Glauque

Publié le par Isabelle à Paris

Ça faisait longtemps, n'est-ce pas ?

 

Je suis dehors et j'écris au soleil. Il fait un temps superbe. Les cerisiers du parc à côté de chez moi sont en fleurs. De loin, on dirait de gros nuages teintés de rose. Je ne sais pas si ce sont des cerisiers. Mais je trouve ça joli. Il faut quand même avoir la force de trouver de jolies choses. Ici, on ne parle que des enfants tués à Toulouse, de crimes haineux et racistes. Le monde moderne vire à la barbarie et coule doucement dans le glauque. Il faut préserver l'âme intacte. On trouve ce qu'on peut et on fait avec.

 

La semaine dernière, j'ai été voir une exposition sur l'oeuvre de Tim Burton. Un extrait d'interview m'a marquée : «Je ne sais pas bien dessiner, je ne sais pas faire de beau visage ni de beau paysage. Par contre, le dessin est pour moi un besoin. Un jour, je me suis dit que j'aimais dessiner et c'est tout ce qui importait. Cela m'a enlevé un poids énorme». L'exposition détaille beaucoup de ces dessins, de l'enfance jusqu'à ces derniers films.
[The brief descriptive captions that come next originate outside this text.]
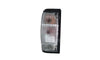 Mazda B-Series Left Rear Tail Light Lens (1983-1993)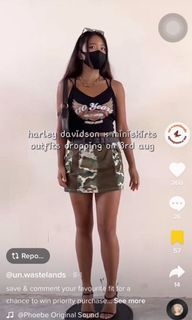 (Category: ) located in . Submitted by hellohellokitty (Listing ID 1177987475, Image 1). Description: .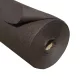 Geotextília barna színű 45 g/m2 1,6 x 100 m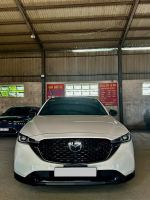 Bán xe Mazda CX5 Premium Sport 2.0 AT 2024 giá 775 Triệu - Hà Nội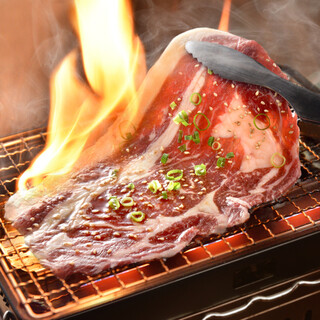 料理のみ ご飯食べ放題 ボリューム満点 厚切りタンやでっかいカルビが食べられる おはこ贅沢コース 14品3 500円 いわき焼肉ホルモン おはこ いわき 焼肉 食べログ 料理のみ ご飯食べ放題 ボリューム満点 厚切りタンやでっかいカルビが食べられる おはこ贅沢コース 14品3 500円 いわき焼肉ホルモン おはこ いわき 焼肉 食べログ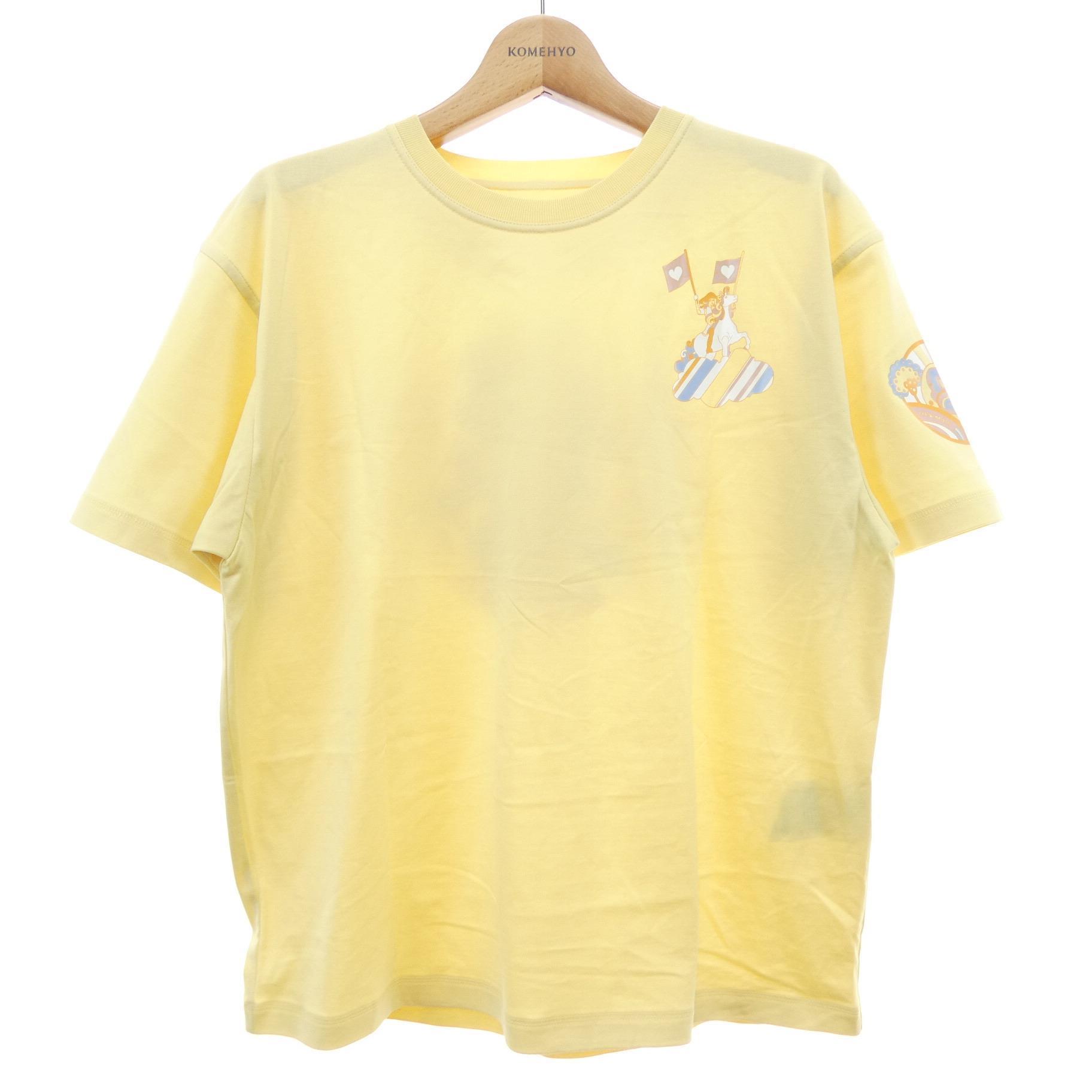 Ｔシャツ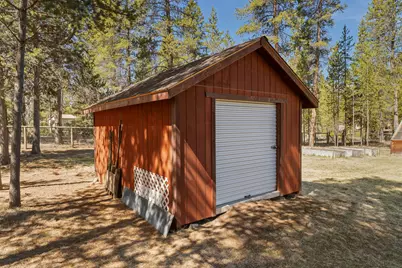 53417 Brooktrout Court, La Pine, OR 97739 - Photo 25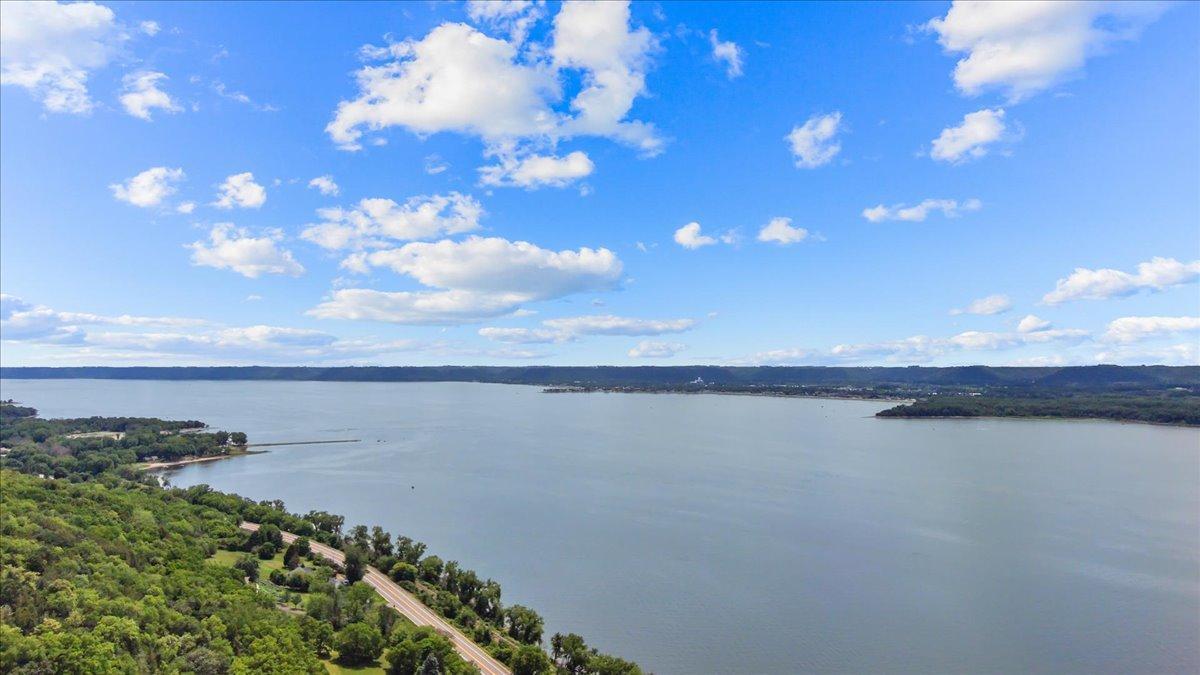 main property photo 71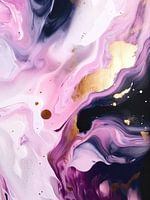 Expression abstraite #19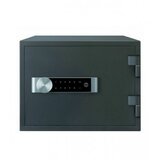 Yale Sef elektronski 352x412x363mm ANTRACIT YFM/352/FG2/B | Eponuda.ba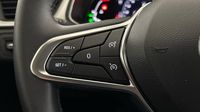 Renault Captur 1.0 TCe 90ch Techno — photo 25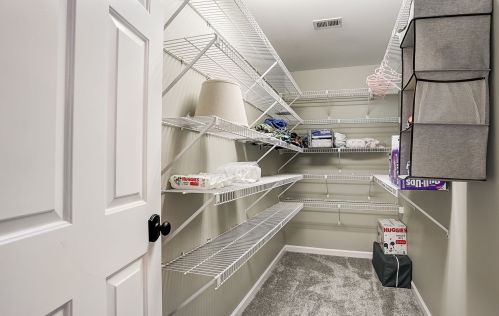 3810 Belle Glade Trl, Lithonia GA  30039-6700 exterior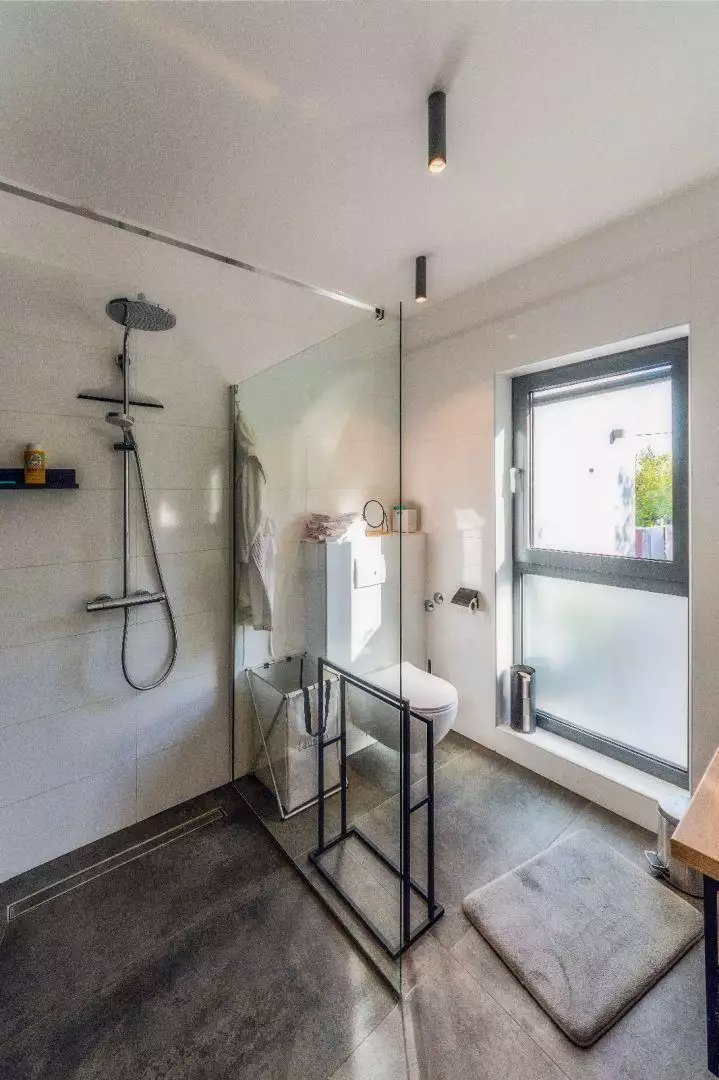 Вилла 300м² в Хорватии, Добринь. Стоимостью 895000€ аренда фото-18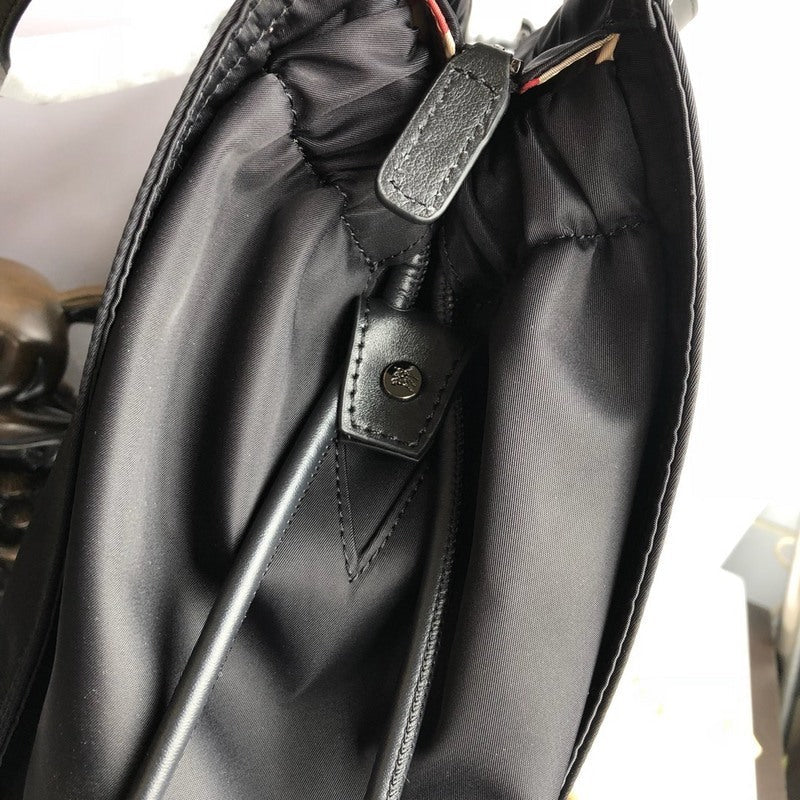 Fan Fashion -GLM - Top quality BBR Bags - 1397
Il aime conjuguer l'horreur avec l'enfance, la science-fiction avec la réalité, la pureté de l'individu avec la société froide et dure. Il s'est démarqué par des films animés en «stop-motion» et des longs métrages mettant en scène des personnages éclectiques et dérangeants, mais jamais malveillants. Tim Burton a su faire du beau avec du laid, du ravissant avec du médiocre. Et je crois que c'est l'art ultime : savoir sublimer ce qui paraît repoussant, étrange et glauque.

 

Malgré les tueries, les meurtres, les assassinats, les guerres et les soulèvements, les politiques machiavéliques, le pouvoir oppressant et l'abrutissement des mauvaises télé-réalités, nous nous en sommes toujours sortis. Pas nécessasirement indemnes, mais nous nous en sommes sortis vivants et l'humain respire encore sur cette terre. Malgré des milliers d'années d'hostilité et de haine entre nous, nous avons bâti des sociétés. Pas nécessairement des sociétés justes, mais des sociétés quand même. Nous nous sommes regroupés entre nous. Nous avons établi contact. Ce simple geste, ce minuscule contact avec l'autre offre un espoir. Peut-être que cet espoir est futile et se transforme souvent en «nous» contre «eux», et non pas en «nous» avec «eux». C'est à ce moment-là que la responsabilité de chacun entre en jeu : attraper l'espoir au vol et choisir de sublimer l'hostilité, la haine, le glauque en quelque chose de mieux. Nous sommes tous des artistes dans l'âme.